Big Data vs. Small Data
Unlike Big Data, Small Data refers to data in a volume and format accessible to humans. The following points show how Big Data can be distinguished from Small Data:
- Targets: Small Data is used for a defined goal, the use of Big Data often develops unexpectedly.
- Location: Small Data is generally stored in one place, usually in one file on the PC, while Big Data is usually spread across numerous files on different servers located in different countries.
- Data structure: Small Data is structured in a straight line, whereas Big Data can be unstructured and can have many file formats from different fields.
- Data preparation: only one end user is usually involved in the preparation of Small Data. In the case of Big Data, however, it is often the case that one group of people prepares the data, another group analyses the data and finally a third group uses the data. Each of these groups may have different objectives.
- Durability: Small Data is generally retained for a certain period of time after the completion of a project. In the case of Big Data, however, the data remains stored for an unlimited period of time.

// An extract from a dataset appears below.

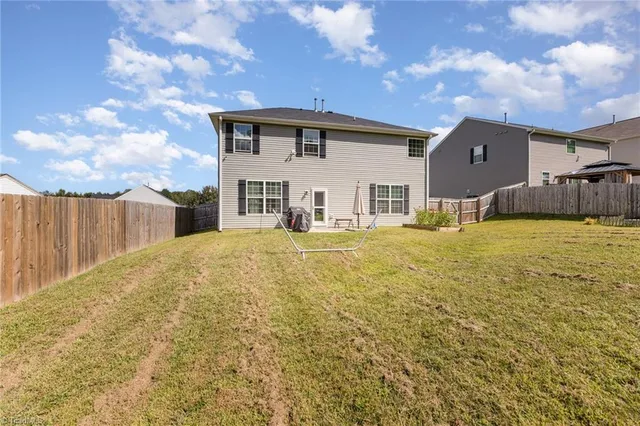 $448,000 | 4697 Deveron Drive, Kernersville, NC 27284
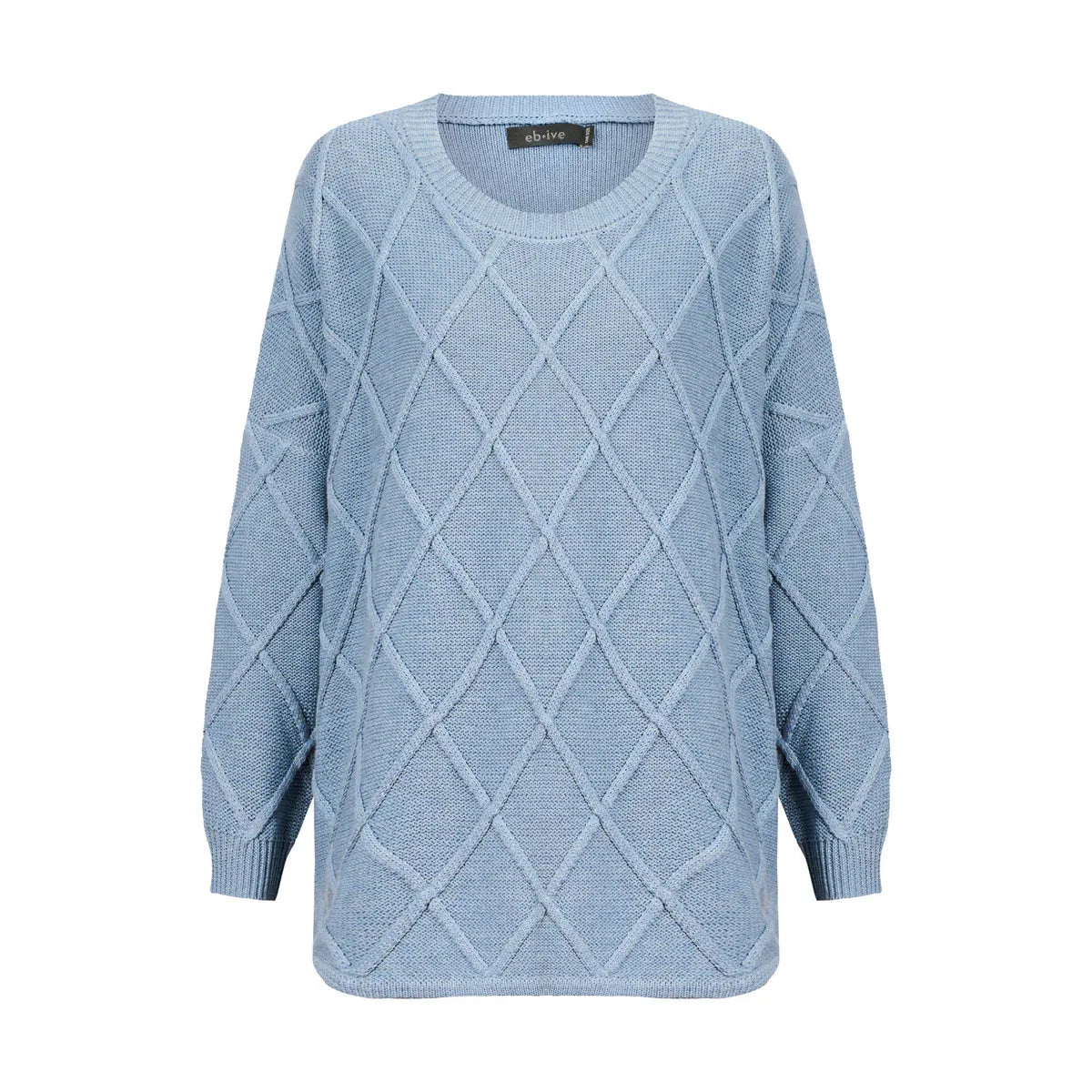 Liora Jumper- Lake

- Origin: Small Data is stored within a short time and in specific units of measurement. Big Data, on the other hand, originates from different places, countries, companies, organisations, etc.

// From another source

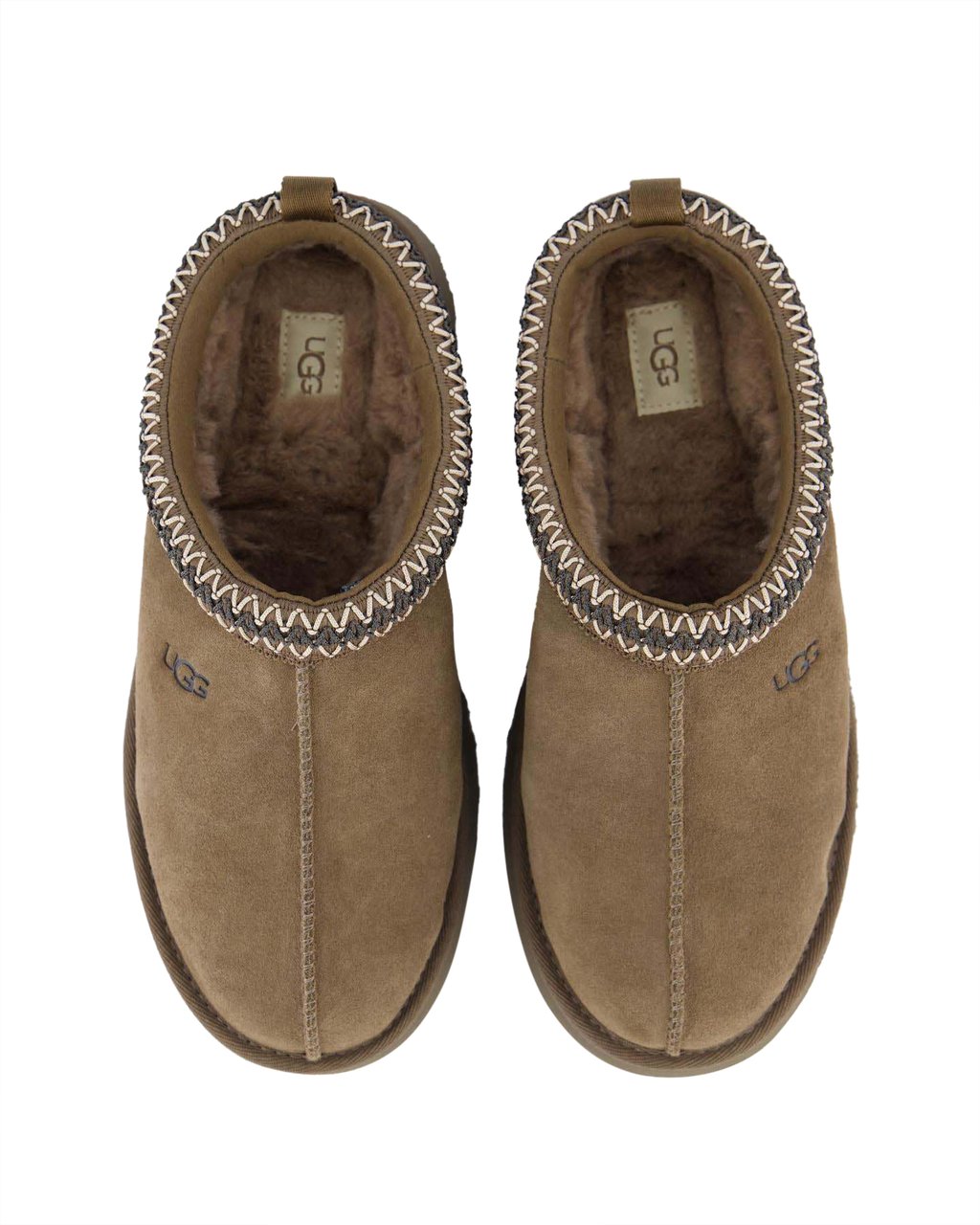 UGG Kids Tazz Bruin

- Reproducibility: Small Data can generally be completely reproduced. Big Data, by contrast, originates from many different sources and is available in many forms that reproduction is impossible.
- Quality: the meanings of the data in a Small Data set are unambiguous, these data can therefore describe itself. Big Data, conversely, is much more complex and may also contain unidentifiable information that has no specific meaning. This can reduce the quality of the data.
- Analysis: a single process is usually sufficient for the analysis of Small Data, since the data is analysed from only one computer file. In the case of Big Data, the data must be extracted, checked, reduced, etc. in a time-consuming process.
As you can see from the distinction between Big Data and Small Data, Big Data is literally often difficult to grasp.